Voluntary plans provide benefits exclusively funded by employee premiums with limited employer involvement. The plans are popular because they allow employees to choose benefits that best fit their needs. Voluntary plans range from dental to life insurance and from financial counseling to pet insurance.
Employers like voluntary plans because they can attract and help keep employees who appreciate the opportunity to personalize their coverage. Plus, if the plans meet federal guidelines for a voluntary plan, the plans will be exempt from ERISA (Employee Retirement Income Security Act of 1974) regulations, which sets the minimum standards for voluntarily established retirement and health plans in private industry.
Although most employee benefit plans offered through an employer are subject to ERISA, the regulations have a safe harbor exemption that allows employers to offer certain types of insurance programs without having to follow extensive reporting, disclosure, and fiduciary requirements. These compliance obligations can include:
- Preparing and operating the plan according to a written plan document
- Providing employees with a summary plan description and a summary of material modifications when there are substantial changes made to the plan
- Annual reporting requirements and other obligations under COBRA, HIPAA, and other laws and regulations governing employee benefit plans.
Exempt plans usually fall within the following categories: medical, surgical, hospital, vacation, and prepaid legal services. However, if the employer fails to meet the stringent requirements of the voluntary plan safe harbor, a medical plan, such as a vision or dental, can be subject to ERISA.
There are four requirements a plan must meet to qualify for safe harbor:
- Voluntary participation: The benefit plan must be completely voluntary. If the employee automatically receives the coverage and it’s paid for by the employer, then it is not voluntary. Plus, employers cannot require employees to attend meetings about voluntary benefits.

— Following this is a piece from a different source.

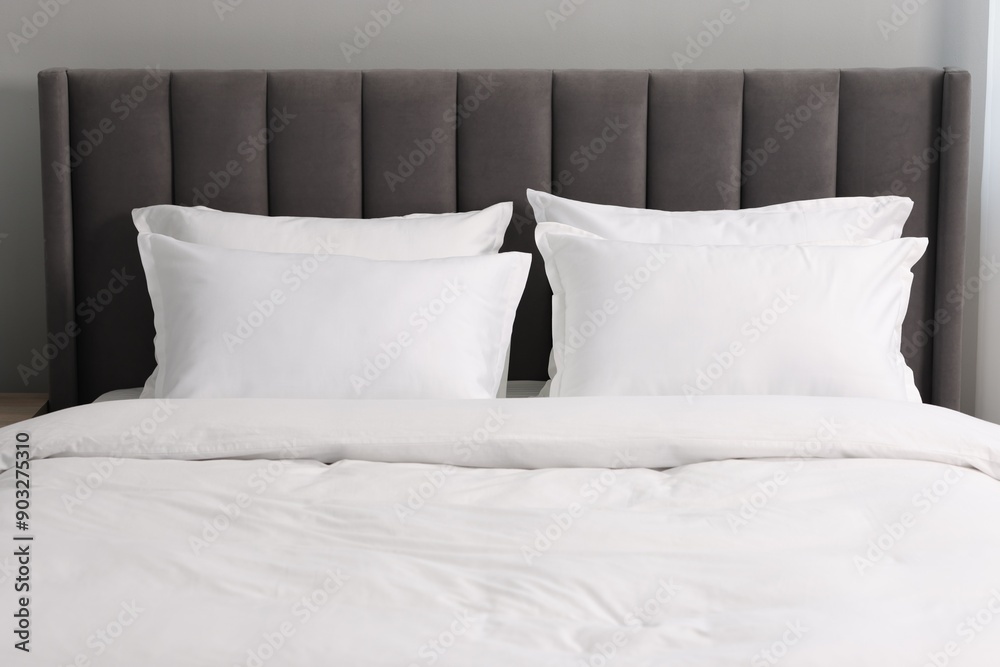 Many soft pillows on bed at home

- No employer contributions: Employers cannot contribute to the costs. Nor can they allow salary contributions to be made on a pre-tax basis through a Cafeteria/Section 125 plan since these are considered employer contributions. Therefore, all employee contributions must be after-tax. Safe harbor rules also do not allow employers to reimburse employee premium expenses, which includes payments under tax-advantaged reimbursement arrangements like health reimbursement accounts (HRAs).
- No employer endorsement: An employer should not take any action that makes it look like they are endorsing a benefit plan. An employer is showing they are endorsing a plan when they select the insurer, negotiate the terms of the plan, limit coverage to select groups or classifications of employees, or assist employees with making claims for benefits. However, employers can make the plan available to employees and publicize the availability of the plan, collect premiums through payroll deductions, and submit the premium payments to the insurer.
- Employers receive no reimbursement: Employers shouldn’t receive any compensation other than reasonable compensation, excluding any profit, for administrative services rendered in connection with payroll deductions.
If you’re in doubt as to what qualifies as safe harbor, confer with qualified counsel to be sure your voluntary plans are not subject to ERISA.